- **Exercise instructions**
What is needed is an exact copy of the lines in the entries below from the one holding "BenQ明基 43型 UHD" through the one holding "Eri-Oi Niitä Tyttöjä", pictures excluded.

- **Exercise inputs**
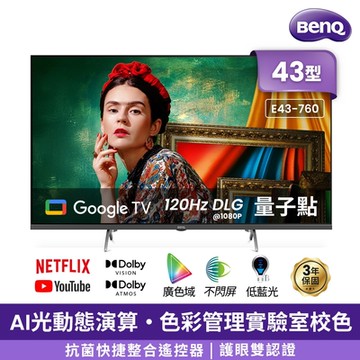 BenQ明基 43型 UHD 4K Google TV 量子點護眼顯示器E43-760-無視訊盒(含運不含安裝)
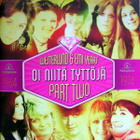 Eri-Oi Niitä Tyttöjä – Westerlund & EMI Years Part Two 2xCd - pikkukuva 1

--

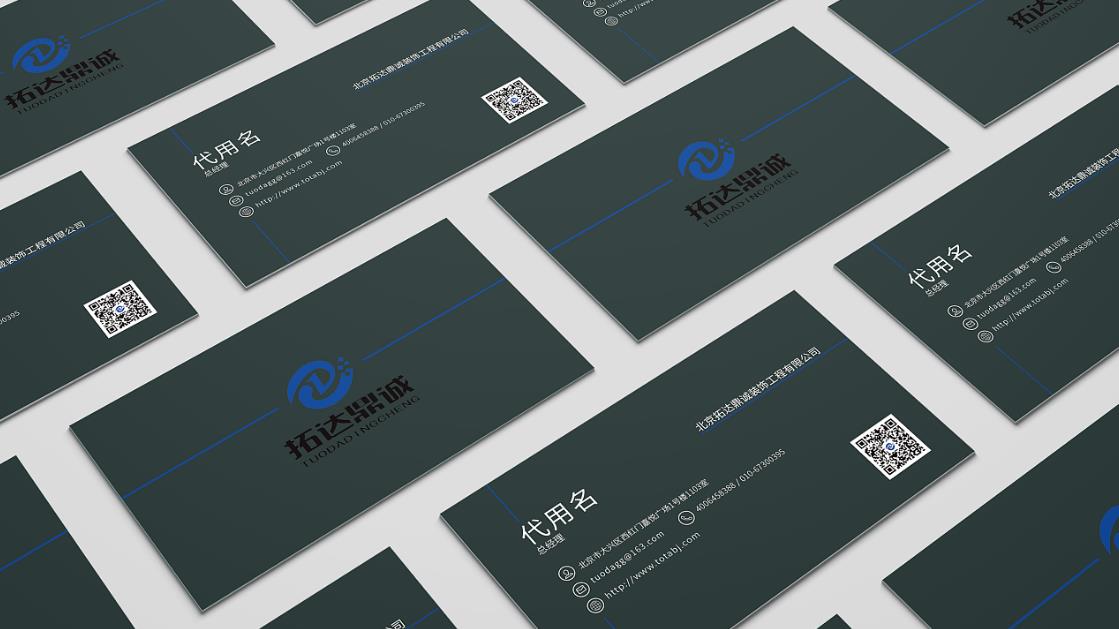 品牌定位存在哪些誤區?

- **Answer to the exercise**
 BenQ明基 43型 UHD 4K Google TV 量子點護眼顯示器E43-760-無視訊盒(含運不含安裝)
 Eri-Oi Niitä Tyttöjä – Westerlund & EMI Years Part Two 2xCd - pikkukuva 1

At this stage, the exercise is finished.